Antes de casarse había soñado con vivir en una casa con un pequeño jardín en algún tranquilo lugar de la periferia, como Maadi o Heluán. Pero, viendo que eso significaría para el marido un largo camino hasta su trabajo en el centro de la ciudad, había aceptado instalarse en este piso por sus hermosas vistas. Mas con el paso de los años, habían ido surgiendo edificios por todas partes, reduciéndose gradualmente la vista.

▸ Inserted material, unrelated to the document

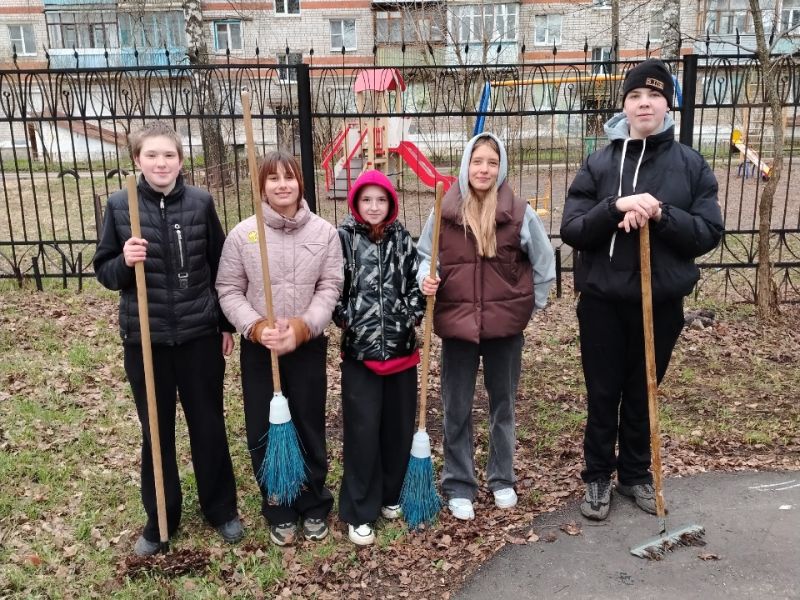 В главных ролях - грабли и мётлы!!!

Con el tiempo, este único minarete terminaría también quedando escondido tras algún nuevo edificio.
Consciente de la proximidad de la llamada del almuédano, dejó el balcón y fue a la cocina a preparar el café del marido. Llenó de agua el cacillo turco de cobre y añadió una cucharada de café y otra de azúcar. Cuando estaba a punto de hervir lo retiró del fuego y lo puso en la bandeja con la taza, a él le gustaba que el café fuera servido en su presencia. Esperaba encontrarle sentado en la cama fumando un cigarro. La extraña postura de su cuerpo retorcido la hizo pensar de inmediato que algo pasaba. Se acercó a la cama y vio los ojos fijos en el vacío y súbitamente fue consciente del olor a muerte en el cuarto. Salió y dejó la bandeja en el salón antes de pasar a la habitación del hijo. Éste alzó los ojos del libro al verla entrar, y, apagando rápidamente la radio, se levantó:
—¿Qué pasa, mamá?
—Tu padre…
—¿Le ha dado otro ataque?
Asintió moviendo la cabeza y dijo:
—Ve donde los vecinos de abajo a telefonear al doctor Ramzi. Dile que venga enseguida.
Regresó al salón y se sirvió el café que había preparado para el marido. Le sorprendía lo tranquila que se encontraba.